- Task to carry out
Below are records with pictures in them. Transcribe everything from the line containing "Image 8 of property" down to the line containing "Blossoms Inn- Lakdikapul", exactly, and leave the pictures behind.

- Data
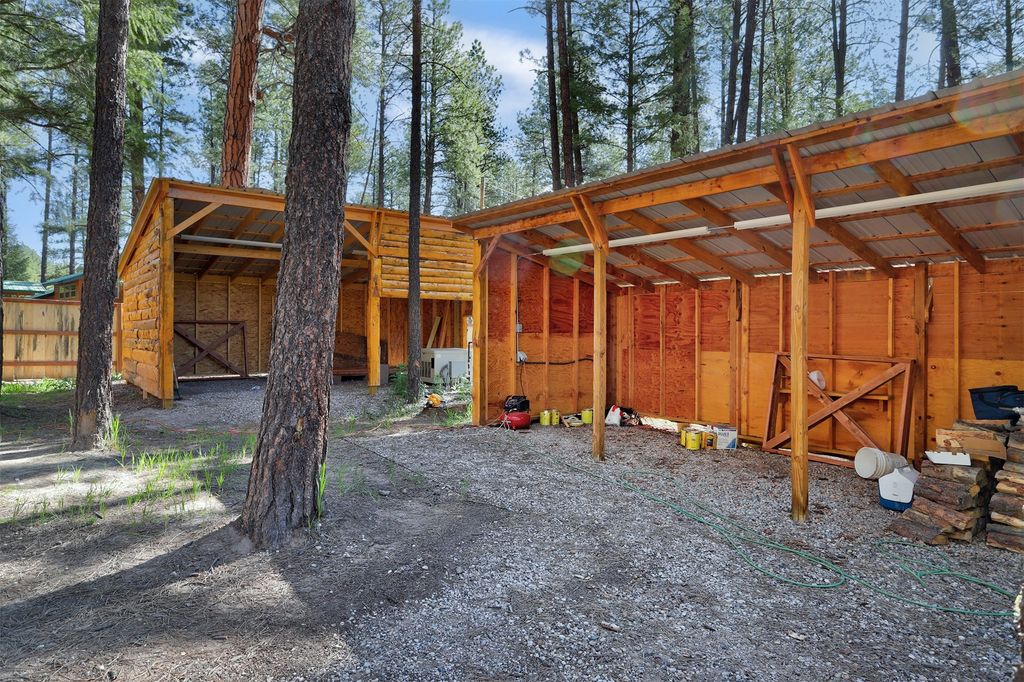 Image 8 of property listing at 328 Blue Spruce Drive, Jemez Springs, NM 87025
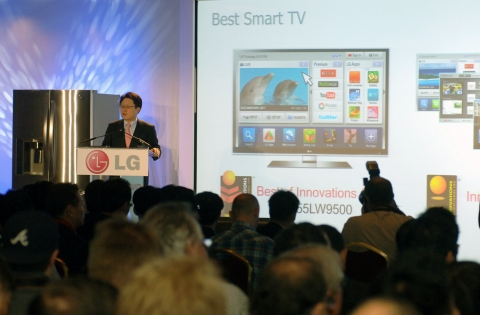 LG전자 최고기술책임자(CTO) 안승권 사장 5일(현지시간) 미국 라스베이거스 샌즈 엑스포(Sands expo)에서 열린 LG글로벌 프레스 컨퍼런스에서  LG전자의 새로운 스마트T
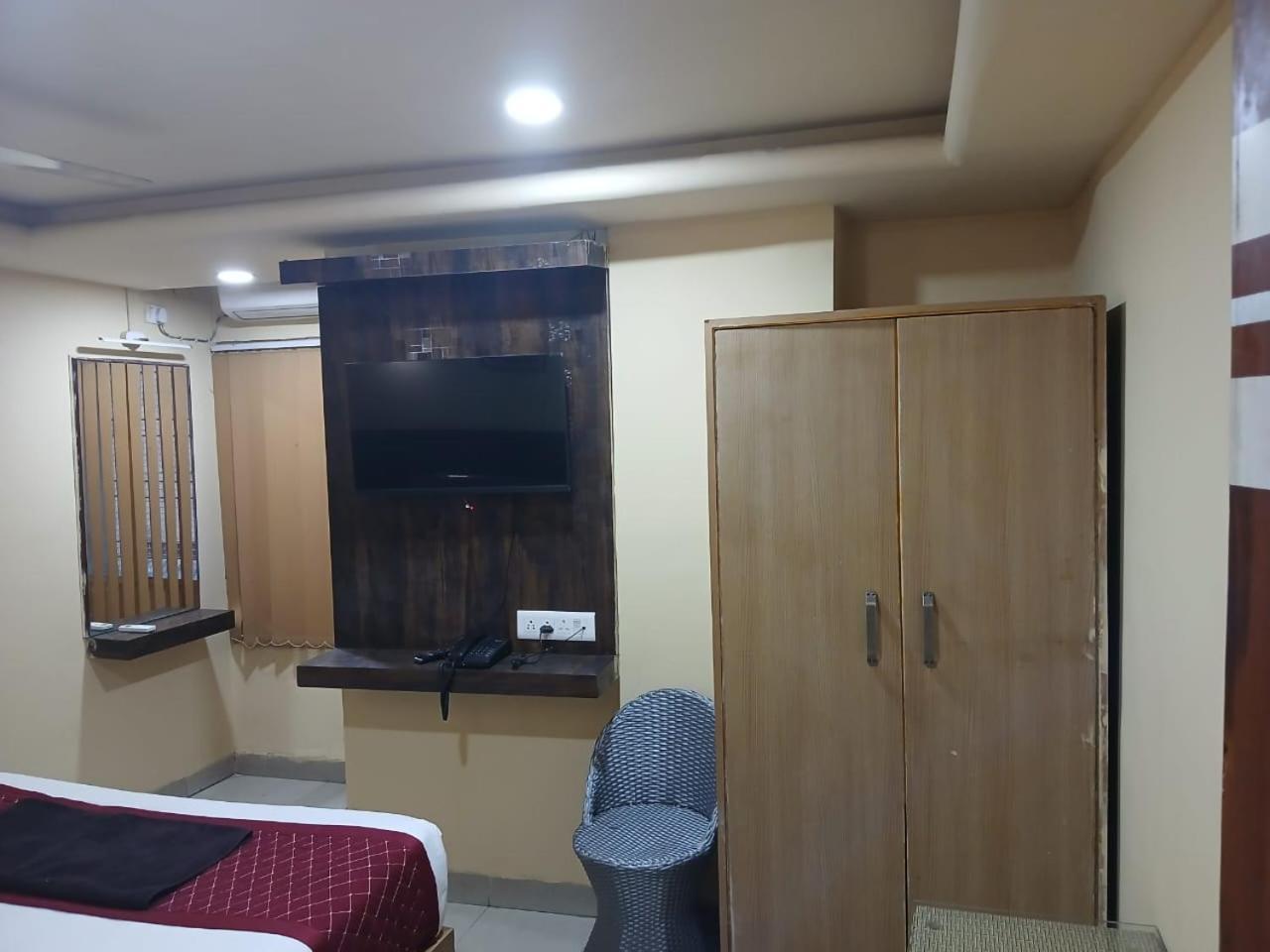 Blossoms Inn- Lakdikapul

* * *

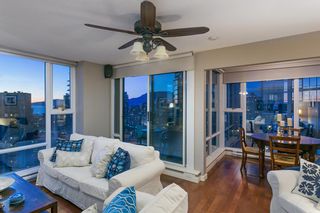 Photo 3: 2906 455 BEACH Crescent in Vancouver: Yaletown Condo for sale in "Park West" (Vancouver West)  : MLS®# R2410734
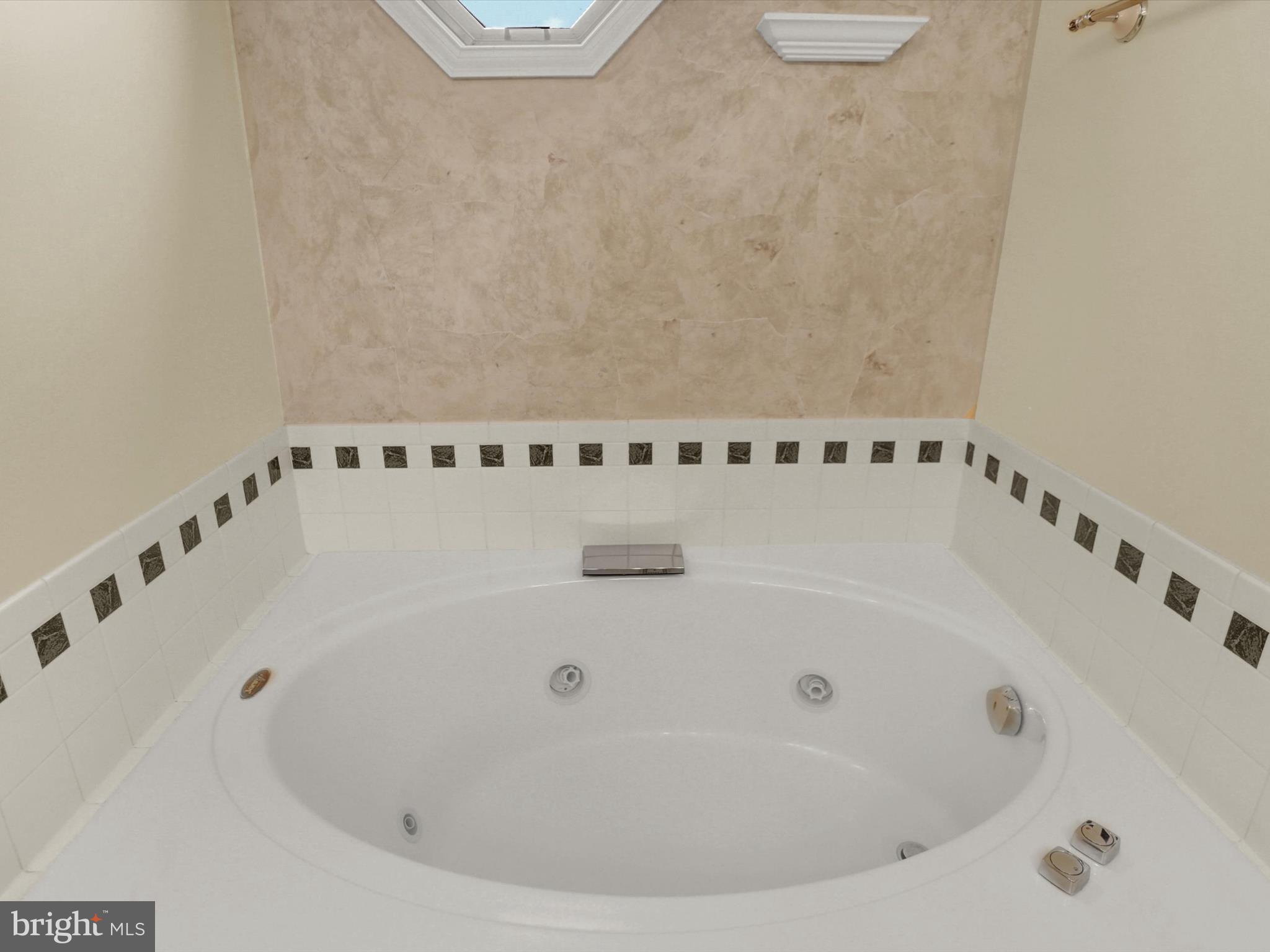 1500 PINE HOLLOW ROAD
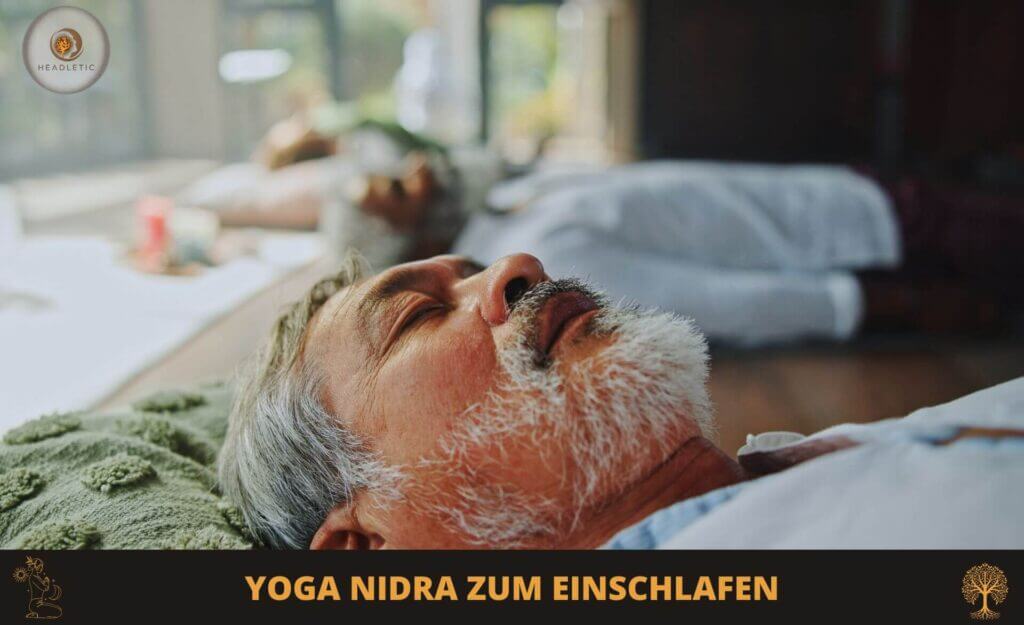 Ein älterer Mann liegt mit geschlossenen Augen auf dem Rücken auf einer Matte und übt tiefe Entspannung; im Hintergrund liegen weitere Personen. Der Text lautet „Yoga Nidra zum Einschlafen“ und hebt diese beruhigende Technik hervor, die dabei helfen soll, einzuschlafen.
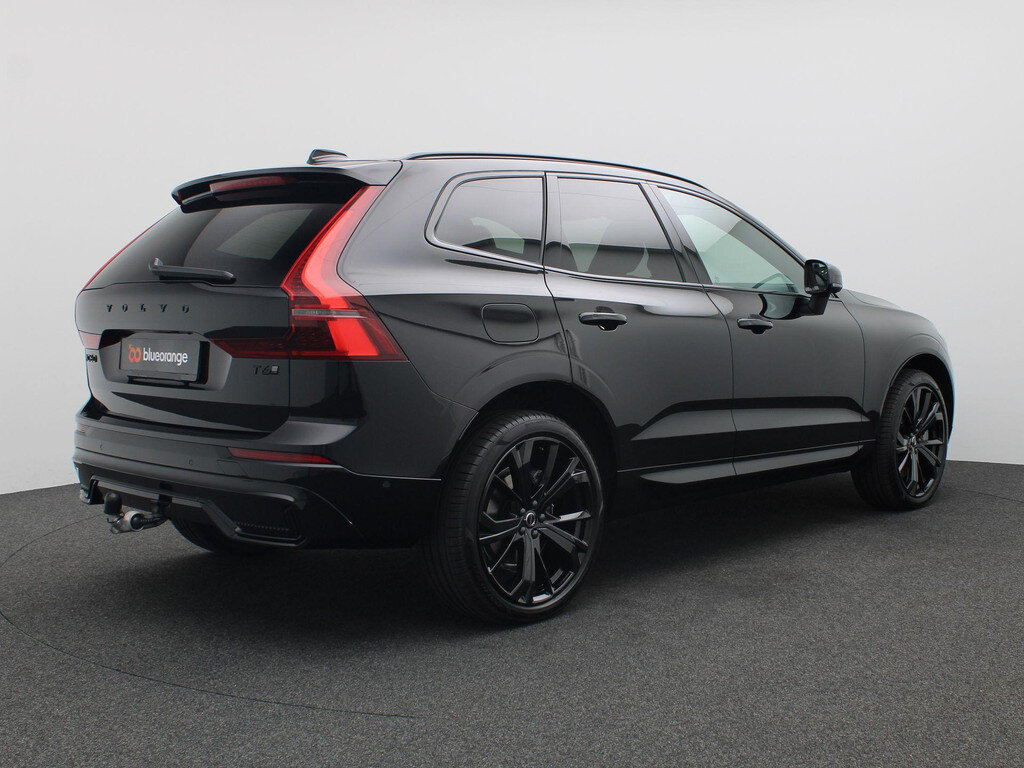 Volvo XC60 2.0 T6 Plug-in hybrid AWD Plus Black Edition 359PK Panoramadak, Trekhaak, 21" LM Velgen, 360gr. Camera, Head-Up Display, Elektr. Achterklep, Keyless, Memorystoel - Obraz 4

- Solution for this task
 Image 8 of property listing at 328 Blue Spruce Drive, Jemez Springs, NM 87025
 LG전자 최고기술책임자(CTO) 안승권 사장 5일(현지시간) 미국 라스베이거스 샌즈 엑스포(Sands expo)에서 열린 LG글로벌 프레스 컨퍼런스에서  LG전자의 새로운 스마트T
 Blossoms Inn- Lakdikapul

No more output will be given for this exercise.